Hasilnya adalah, pada abad ke-21 ini, penyerang membayar pekerja dengan upah di bawah standar untuk jadi garda terdepan bot, yang nanti akan bertindak layaknya manusia untuk mengeksploitasi sistem informasi untuk tujuan yang tidak sesuai. Ini menjelaskan inti masalahnya: bagi para penyerang, hal yang terpenting bukanlah bot-nya, namun skalabilitasnya. Bot adalah alat untuk mencapai tujuan; saat tim bertahan menghalangi bot dengan menggunakan CAPTCHA, penyerang mendapati bahwa manusia bisa melakukan pekerjaan ini untuk mereka. Di permukaan ini seakan-akan terlihat seperti pertarungan kecerdasan buatan dan computer vision, namun penyerang menemukan cara untuk mengubahnya menjadi urusan upah tenaga kerja.

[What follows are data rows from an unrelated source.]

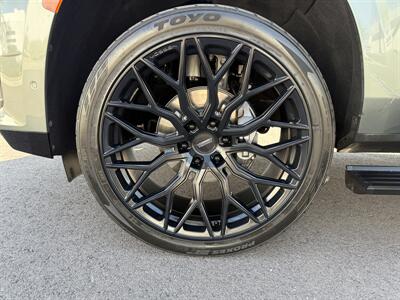 2023 Cadillac Escalade Sport Platinum   - Photo 12 - Mesa, AZ 85212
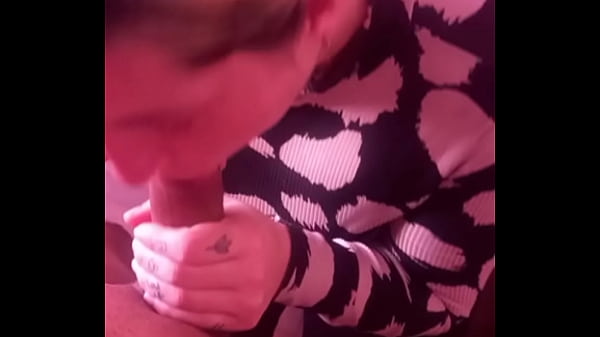 Que rica chúpala que le doy me encanta babosiarla toda y que le de toda la leche en la boca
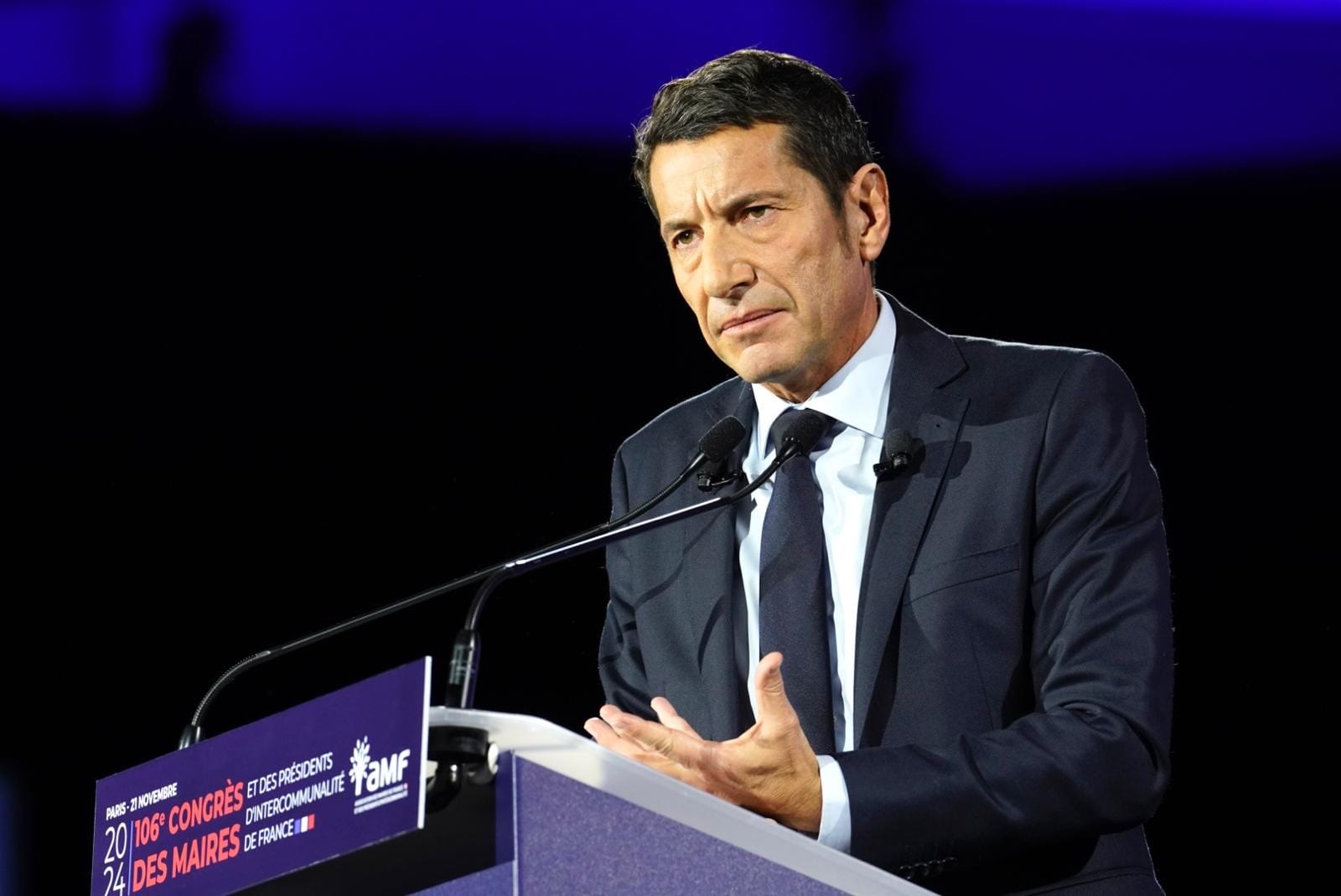 Trafiquants privés d’allocations familiales : "Qu'on arrête le masochisme social" pour David Lisnard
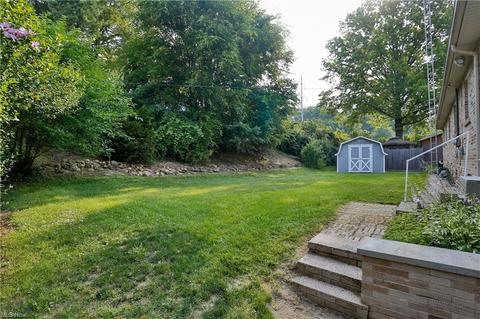 1310 Dunkeith Dr NW, Canton, OH 44708 photo 2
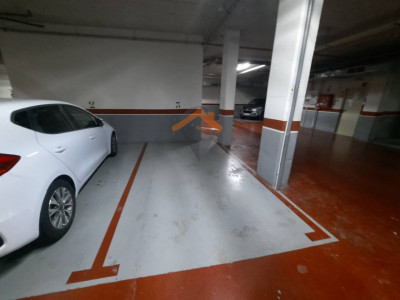 PISO EN EL CENTRO CON PARQUING Y TRASTERO! EN PERFECTO ESTADO!!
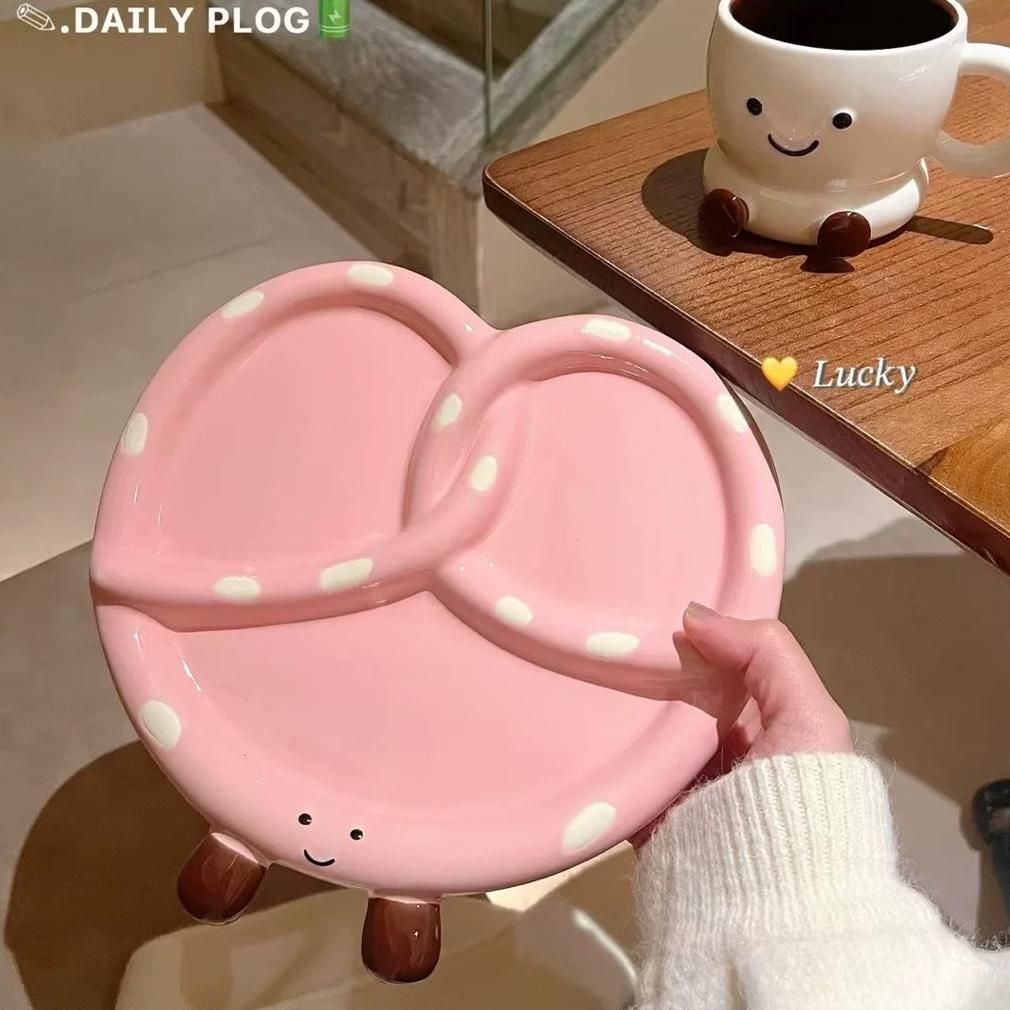 NESTIO Cute Ceramic Plate Pretzel // Piring Keramik Pretzel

Apa Artinya Ini Secara Praktis

Praktisi keamanan sering kali disibukkan dengan taktik, teknik dan prosedur (TTP) sebab ini adalah cara mereka yang bekerja di pusat operasi keamanan atau analisa forensik mendiagnosa atau memitigasi serangan. Namun hadirnya CAPTCHA solver menunjukkan bahwa dalam mendesain kontrol proaktif atau program keamanan (alih-alih memitigasi serangan yang sedang dilancarkan), fokus pada TTP saja tidak cukup. Ini karena TTP bagi penyerang sering kali merepresentasikan cara sekali pakai. Pada tingkat tertentu, kita dapat meringkas seluruh sejarah ‘perlombaan senjata’ keamanan ini menjadi: komunitas penyerang telah menolak untuk berperang dengan ketentuan yang telah ditetapkan oleh komunitas keamanan dan berbalik arah mencari cara yang lain, imbal baliknya memaksa praktisi keamanan untuk beradaptasi.

Sebaliknya, berbagai kontrol yang dapat membatalkan seluruh strategi seperti skalabilitas, persistensi atau penyembunyian akan menawarkan kegunaan yang lebih besar pada waktu, ruang dan sistem yang berbeda. Dengan kata lain, TTP sangat penting pada banyak aplikasi keamanan informasi, namun ini bukanlah hal yang terakhir dan satu-satunya.

Praktisnya, kontrol yang beroperasi di level strategis ini akan menimbulkan pertanyaan mengenai arsitektur aplikasi atau bahkan model bisnis. Pemikiran untuk memasukkan keamanan informasi lebih dalam ke urusan bisnis bukan hal baru atau kontroversi, namun implikasinya di sini adalah hal ini merepresentasikan peluang untuk mengurangi biaya keamanan dengan upaya yang dilakukan lebih produktif. Saya tidak mengatakan bahwa waktu dan keahlian yang dikhususkan untuk memitigasi bot sebagai sesuatu yang sia-sia, tapi menurut saya fokus pada alasan di balik tindakan penyerang bisa sama produktifnya dengan fokus pada cara mereka melakukan serangan.